◆ Task description ◆
Take the listing below and reproduce it in full. Change nothing.
(Beginning of Available records)
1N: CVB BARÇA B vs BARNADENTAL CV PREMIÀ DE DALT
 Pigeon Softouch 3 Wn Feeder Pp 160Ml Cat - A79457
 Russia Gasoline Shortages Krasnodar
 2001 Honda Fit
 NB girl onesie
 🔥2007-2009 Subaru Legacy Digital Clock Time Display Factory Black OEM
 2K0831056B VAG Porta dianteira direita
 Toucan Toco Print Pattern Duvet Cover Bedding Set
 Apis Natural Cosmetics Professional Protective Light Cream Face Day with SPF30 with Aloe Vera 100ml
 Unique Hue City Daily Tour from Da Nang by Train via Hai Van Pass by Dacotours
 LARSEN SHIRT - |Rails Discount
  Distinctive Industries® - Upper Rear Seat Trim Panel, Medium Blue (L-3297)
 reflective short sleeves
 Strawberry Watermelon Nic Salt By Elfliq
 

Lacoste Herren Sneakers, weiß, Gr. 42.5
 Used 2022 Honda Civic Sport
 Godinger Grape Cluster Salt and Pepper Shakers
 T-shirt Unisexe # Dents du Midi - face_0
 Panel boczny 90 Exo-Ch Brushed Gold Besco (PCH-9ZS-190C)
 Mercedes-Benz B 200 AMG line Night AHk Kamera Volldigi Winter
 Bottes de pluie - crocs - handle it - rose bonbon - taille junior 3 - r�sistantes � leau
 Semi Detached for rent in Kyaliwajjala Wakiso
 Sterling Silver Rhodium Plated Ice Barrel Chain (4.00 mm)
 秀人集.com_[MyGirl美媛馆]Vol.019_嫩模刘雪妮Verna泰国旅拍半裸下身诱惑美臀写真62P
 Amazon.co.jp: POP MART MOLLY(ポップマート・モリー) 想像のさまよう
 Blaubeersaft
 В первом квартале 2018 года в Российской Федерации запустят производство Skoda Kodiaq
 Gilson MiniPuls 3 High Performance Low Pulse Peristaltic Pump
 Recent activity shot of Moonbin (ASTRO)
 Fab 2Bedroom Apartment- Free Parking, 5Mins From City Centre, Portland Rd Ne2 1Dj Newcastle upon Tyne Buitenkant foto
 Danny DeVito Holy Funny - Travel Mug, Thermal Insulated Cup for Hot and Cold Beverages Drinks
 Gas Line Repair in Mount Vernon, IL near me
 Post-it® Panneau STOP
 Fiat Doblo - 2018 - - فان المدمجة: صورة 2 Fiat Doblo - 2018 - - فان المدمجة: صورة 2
(End of Available records)
◆ Solution ◆
1N: CVB BARÇA B vs BARNADENTAL CV PREMIÀ DE DALT
 Pigeon Softouch 3 Wn Feeder Pp 160Ml Cat - A79457
 Russia Gasoline Shortages Krasnodar
 2001 Honda Fit
 NB girl onesie
 🔥2007-2009 Subaru Legacy Digital Clock Time Display Factory Black OEM
 2K0831056B VAG Porta dianteira direita
 Toucan Toco Print Pattern Duvet Cover Bedding Set
 Apis Natural Cosmetics Professional Protective Light Cream Face Day with SPF30 with Aloe Vera 100ml
 Unique Hue City Daily Tour from Da Nang by Train via Hai Van Pass by Dacotours
 LARSEN SHIRT - |Rails Discount
  Distinctive Industries® - Upper Rear Seat Trim Panel, Medium Blue (L-3297)
 reflective short sleeves
 Strawberry Watermelon Nic Salt By Elfliq
 

Lacoste Herren Sneakers, weiß, Gr. 42.5
 Used 2022 Honda Civic Sport
 Godinger Grape Cluster Salt and Pepper Shakers
 T-shirt Unisexe # Dents du Midi - face_0
 Panel boczny 90 Exo-Ch Brushed Gold Besco (PCH-9ZS-190C)
 Mercedes-Benz B 200 AMG line Night AHk Kamera Volldigi Winter
 Bottes de pluie - crocs - handle it - rose bonbon - taille junior 3 - r�sistantes � leau
 Semi Detached for rent in Kyaliwajjala Wakiso
 Sterling Silver Rhodium Plated Ice Barrel Chain (4.00 mm)
 秀人集.com_[MyGirl美媛馆]Vol.019_嫩模刘雪妮Verna泰国旅拍半裸下身诱惑美臀写真62P
 Amazon.co.jp: POP MART MOLLY(ポップマート・モリー) 想像のさまよう
 Blaubeersaft
 В первом квартале 2018 года в Российской Федерации запустят производство Skoda Kodiaq
 Gilson MiniPuls 3 High Performance Low Pulse Peristaltic Pump
 Recent activity shot of Moonbin (ASTRO)
 Fab 2Bedroom Apartment- Free Parking, 5Mins From City Centre, Portland Rd Ne2 1Dj Newcastle upon Tyne Buitenkant foto
 Danny DeVito Holy Funny - Travel Mug, Thermal Insulated Cup for Hot and Cold Beverages Drinks
 Gas Line Repair in Mount Vernon, IL near me
 Post-it® Panneau STOP
 Fiat Doblo - 2018 - - فان المدمجة: صورة 2 Fiat Doblo - 2018 - - فان المدمجة: صورة 2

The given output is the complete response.